Start of Block
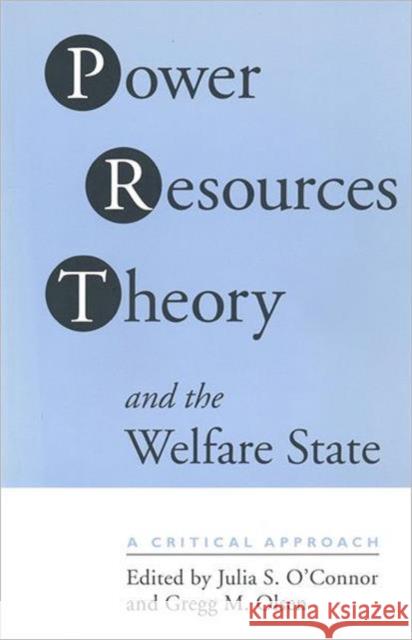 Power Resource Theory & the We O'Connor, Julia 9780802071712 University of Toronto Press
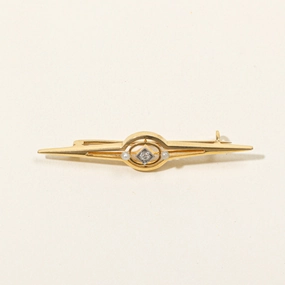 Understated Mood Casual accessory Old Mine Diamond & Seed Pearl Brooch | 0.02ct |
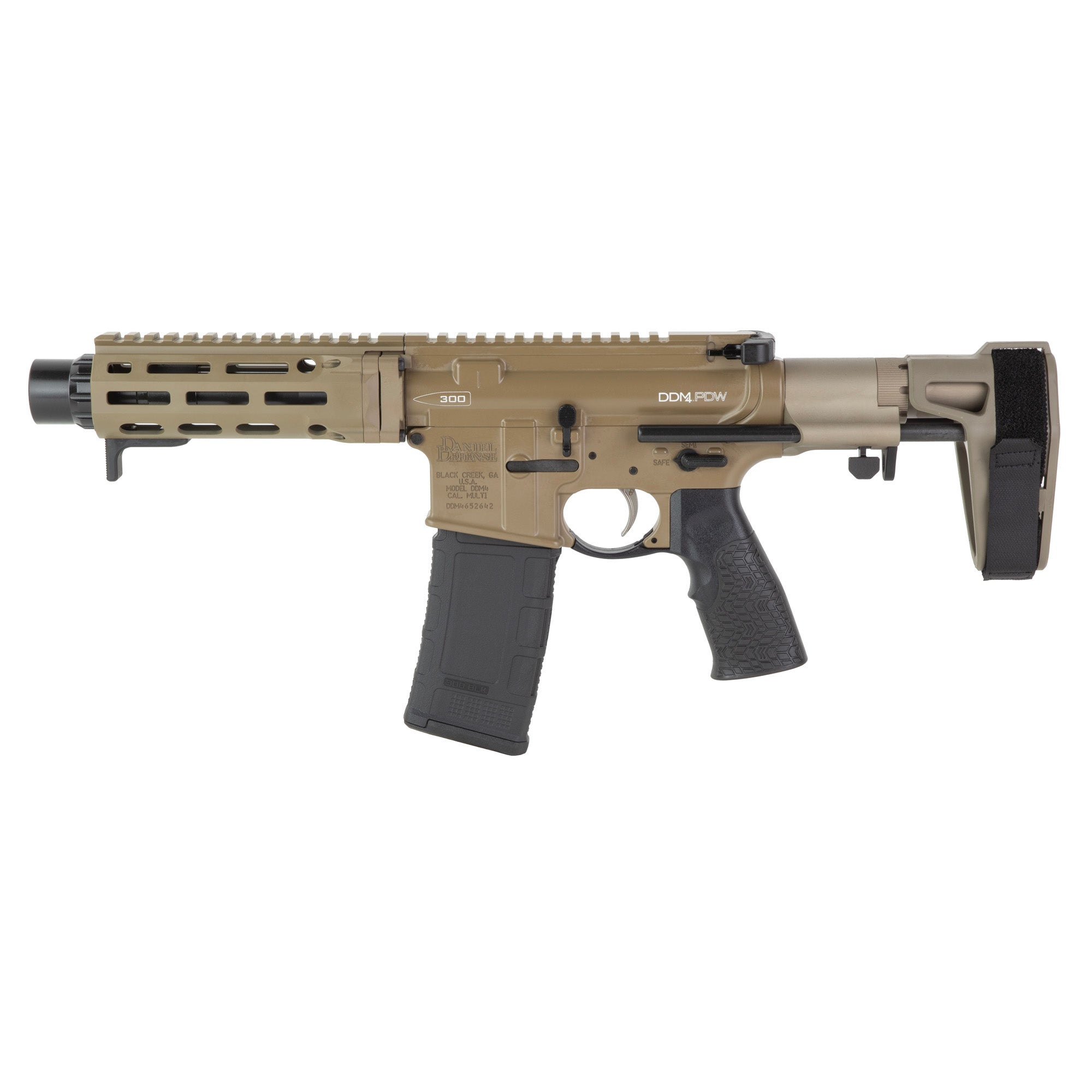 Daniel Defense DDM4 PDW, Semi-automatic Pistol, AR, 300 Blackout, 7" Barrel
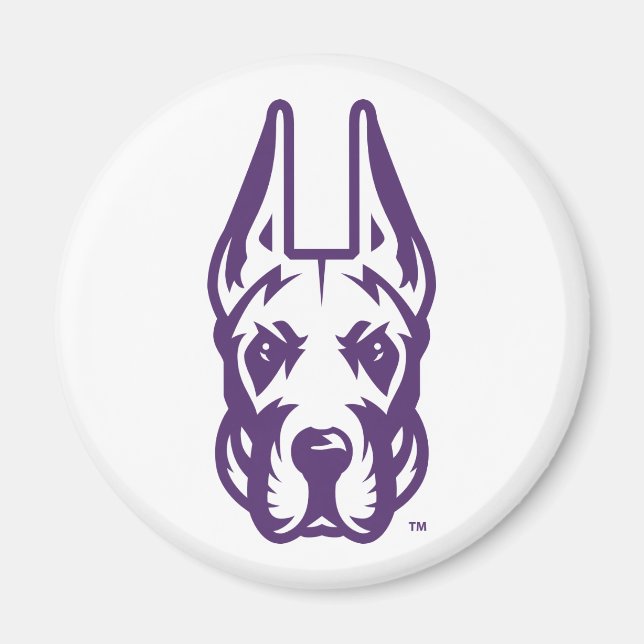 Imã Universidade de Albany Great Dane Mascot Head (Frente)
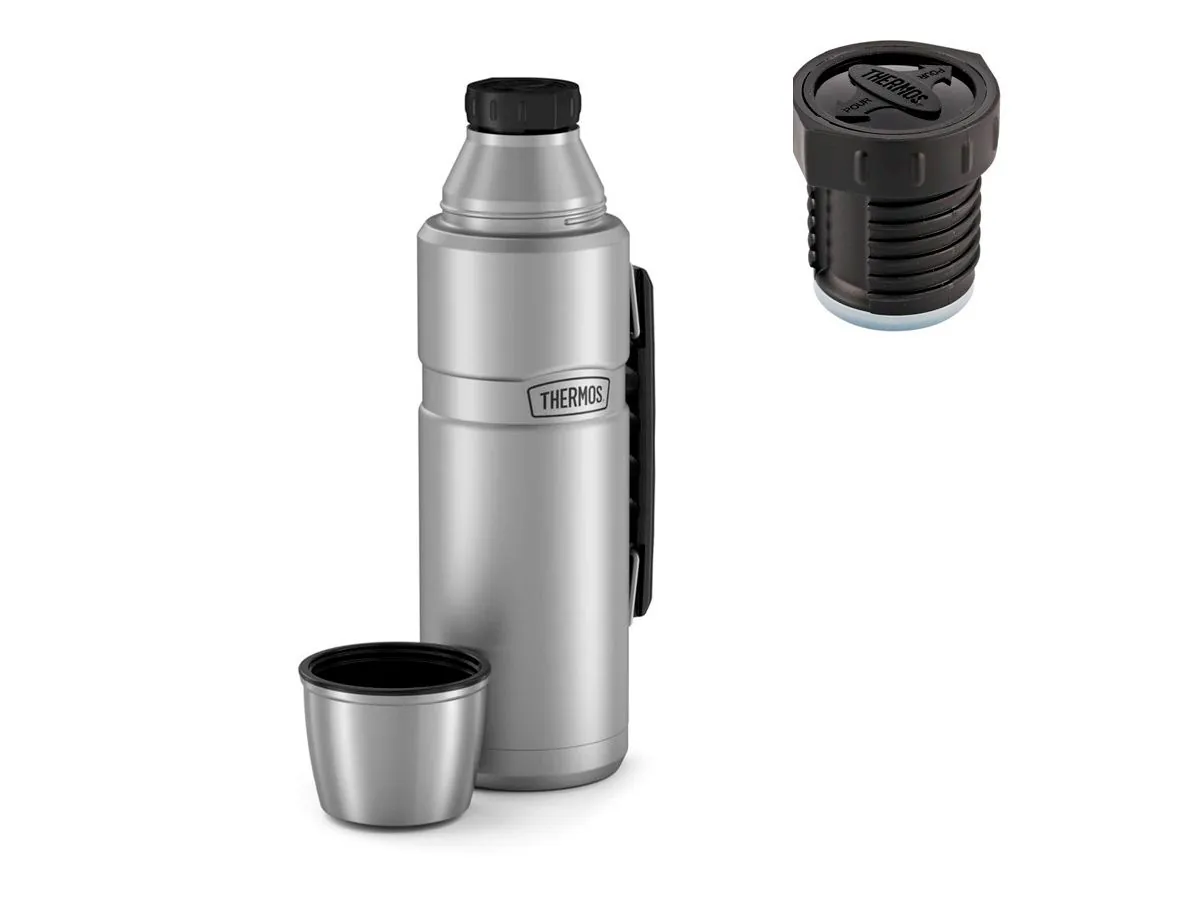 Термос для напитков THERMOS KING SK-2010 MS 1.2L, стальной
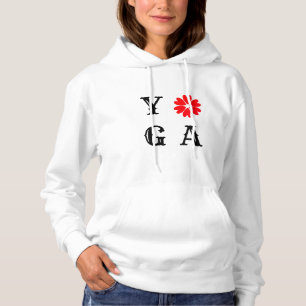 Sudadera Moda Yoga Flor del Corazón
End of Block
Work task: Write out the data above exactly as it appears, but without any image.

Response for this exercise:
 Power Resource Theory & the We O'Connor, Julia 9780802071712 University of Toronto Press
 Understated Mood Casual accessory Old Mine Diamond & Seed Pearl Brooch | 0.02ct |
 Daniel Defense DDM4 PDW, Semi-automatic Pistol, AR, 300 Blackout, 7" Barrel
 Imã Universidade de Albany Great Dane Mascot Head (Frente)
 Термос для напитков THERMOS KING SK-2010 MS 1.2L, стальной
 Sudadera Moda Yoga Flor del Corazón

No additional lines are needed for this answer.